Com a sua habitual prosa lúcida, incisiva e erudita, Onésimo Teotónio Almeida leva-nos a confrontar uma forte lacuna na história das ciências - o papel nestas desempenhado pelos portugueses na época dos descobrimentos. Estudada geralmente sob perspetivas anglo-americanas, a história da ciência aponta o Iluminismo com o momento de viragem, em que o racionalismo e a busca pela observação empírica e análise do real deu origem ao método científico.
O que Teotónio Almeida se propõe neste livro é mostrar que houve um forte, e necessário, pioneirismo português neste campo durante a época dos descobrimentos, pese embora não tenha vindo a dar os frutos que mais tarde o iluminismo centro-europeu veio a dar. As eventuais razões para essa incapacidade portuguesa (e ibérica, uma vez que Espanha também entra nesta história) são analisadas no final do livro, sem o facilitismo de conclusões fáceis.
O grande ponto de partida é perceber que os descobrimentos portugueses não seriam possíveis sem um esforço científico concertado. Não basta saltar para dentro de um barco e partir pelo mar fora. É preciso o conhecimento concertado da geografia, matemática, astronomia e tecnologia náutica (isto, sem falar do armamento). Isto implica ciência, estudo, investigação, e acima de tudo um espírito que questiona o saber do passado. É esse o ponto onde Teotónio Almeida se centra, o surgir, em tratados náuticos e matemáticos da época, de um espírito crítico que rebate as conceções da ciência escolástica e geografia ptolemaica, por contraste com as novas realidades trazidas pela navegação. Terras e povos que contrariavam os postulados inabaláveis da Antiguidade, e o assumir na necessidade de analisar, de compreender o mundo face à experiência que dele temos, ao invés da fé cega em palavras antigas.

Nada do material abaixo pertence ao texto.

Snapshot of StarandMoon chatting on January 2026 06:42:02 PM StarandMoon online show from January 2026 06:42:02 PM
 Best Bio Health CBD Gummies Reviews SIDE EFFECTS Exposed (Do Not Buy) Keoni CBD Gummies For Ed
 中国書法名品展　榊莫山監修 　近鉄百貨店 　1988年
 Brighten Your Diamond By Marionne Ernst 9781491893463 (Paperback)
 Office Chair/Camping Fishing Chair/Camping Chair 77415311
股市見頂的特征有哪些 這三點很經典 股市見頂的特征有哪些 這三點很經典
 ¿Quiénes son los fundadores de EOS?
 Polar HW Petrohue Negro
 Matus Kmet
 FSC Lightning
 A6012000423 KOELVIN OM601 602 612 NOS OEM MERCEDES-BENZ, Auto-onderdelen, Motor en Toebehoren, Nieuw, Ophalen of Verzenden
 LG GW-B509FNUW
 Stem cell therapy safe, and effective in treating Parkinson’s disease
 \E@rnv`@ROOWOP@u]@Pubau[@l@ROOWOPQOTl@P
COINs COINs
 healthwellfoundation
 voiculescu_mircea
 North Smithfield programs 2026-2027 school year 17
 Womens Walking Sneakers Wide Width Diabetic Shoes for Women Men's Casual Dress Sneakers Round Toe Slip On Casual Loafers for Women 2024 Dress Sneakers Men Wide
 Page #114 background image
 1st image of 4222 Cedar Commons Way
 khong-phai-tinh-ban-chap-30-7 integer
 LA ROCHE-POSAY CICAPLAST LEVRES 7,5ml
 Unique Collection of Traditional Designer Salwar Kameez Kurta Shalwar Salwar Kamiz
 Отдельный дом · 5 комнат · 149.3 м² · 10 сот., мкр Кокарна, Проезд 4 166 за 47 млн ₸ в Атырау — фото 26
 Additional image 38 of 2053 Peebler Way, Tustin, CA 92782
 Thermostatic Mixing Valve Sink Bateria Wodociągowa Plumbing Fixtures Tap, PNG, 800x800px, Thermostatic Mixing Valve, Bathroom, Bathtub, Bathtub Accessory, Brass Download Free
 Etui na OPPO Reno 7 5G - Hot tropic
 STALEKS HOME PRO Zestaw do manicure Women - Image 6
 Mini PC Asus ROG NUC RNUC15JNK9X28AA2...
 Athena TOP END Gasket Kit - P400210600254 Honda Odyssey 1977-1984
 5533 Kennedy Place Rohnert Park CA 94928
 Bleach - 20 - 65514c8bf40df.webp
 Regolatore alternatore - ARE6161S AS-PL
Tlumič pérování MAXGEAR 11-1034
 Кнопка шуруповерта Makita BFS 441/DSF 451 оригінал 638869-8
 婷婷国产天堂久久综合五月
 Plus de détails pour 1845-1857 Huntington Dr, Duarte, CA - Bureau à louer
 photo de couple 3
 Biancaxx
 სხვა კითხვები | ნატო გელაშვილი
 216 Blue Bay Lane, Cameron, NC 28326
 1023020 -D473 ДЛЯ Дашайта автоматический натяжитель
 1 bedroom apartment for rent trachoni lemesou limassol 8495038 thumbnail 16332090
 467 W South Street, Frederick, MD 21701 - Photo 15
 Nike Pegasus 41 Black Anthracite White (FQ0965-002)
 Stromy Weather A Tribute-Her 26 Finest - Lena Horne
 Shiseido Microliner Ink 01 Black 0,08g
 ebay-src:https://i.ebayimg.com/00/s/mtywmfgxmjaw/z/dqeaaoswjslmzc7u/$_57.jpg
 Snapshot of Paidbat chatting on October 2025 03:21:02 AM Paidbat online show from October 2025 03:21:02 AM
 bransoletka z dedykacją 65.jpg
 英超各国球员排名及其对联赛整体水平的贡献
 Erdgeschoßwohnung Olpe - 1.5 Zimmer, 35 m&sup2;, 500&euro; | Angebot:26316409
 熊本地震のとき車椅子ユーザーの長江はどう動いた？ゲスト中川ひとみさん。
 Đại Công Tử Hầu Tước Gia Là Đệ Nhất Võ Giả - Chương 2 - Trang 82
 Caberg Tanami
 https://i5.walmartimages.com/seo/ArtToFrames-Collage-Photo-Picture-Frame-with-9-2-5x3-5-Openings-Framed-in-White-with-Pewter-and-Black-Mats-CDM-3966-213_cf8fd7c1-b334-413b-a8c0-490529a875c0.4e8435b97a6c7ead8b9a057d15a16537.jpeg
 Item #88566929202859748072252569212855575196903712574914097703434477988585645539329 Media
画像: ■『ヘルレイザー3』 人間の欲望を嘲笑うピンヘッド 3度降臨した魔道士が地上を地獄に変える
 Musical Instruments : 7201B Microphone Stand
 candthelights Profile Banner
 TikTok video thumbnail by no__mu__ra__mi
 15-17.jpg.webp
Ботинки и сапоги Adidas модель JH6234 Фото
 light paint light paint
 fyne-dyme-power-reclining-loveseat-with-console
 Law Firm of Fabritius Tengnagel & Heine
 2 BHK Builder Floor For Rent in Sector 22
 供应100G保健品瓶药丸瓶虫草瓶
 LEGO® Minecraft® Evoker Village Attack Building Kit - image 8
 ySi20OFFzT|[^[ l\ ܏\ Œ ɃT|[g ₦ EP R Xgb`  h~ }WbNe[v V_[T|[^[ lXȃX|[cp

Passar de um saber adquirido pelo repetir do passado e da crença inabalável numa verdade estática para o fluxo da experiência, do analisar o real, desenvolver instrumentos técnicos e de pensamento que melhorem a nossa compreensão, é o dealbar do questionar científico. E isso passou-se cá na era quinhentista, séculos antes do momento em que os historiadores de ciência situam esse dealbar, e, também, numa geografia periférica face à Europa. Teotónio Almeida vai diretamente às fontes, aos textos de Pedro Nunes, D. João de Castro, Zurara, Francisco Sanches e até Camões, para nos mostrar a forma como a luz das Luzes se acendeu por cá, antes do seu fulgor definitivo.
A esse dealbar não se sucedeu um desenvolvimento capaz de o sustentar e fazer evoluir, o que ajuda a explicar o quase total esquecimento deste contributo português para a forma como entendemos a ciência.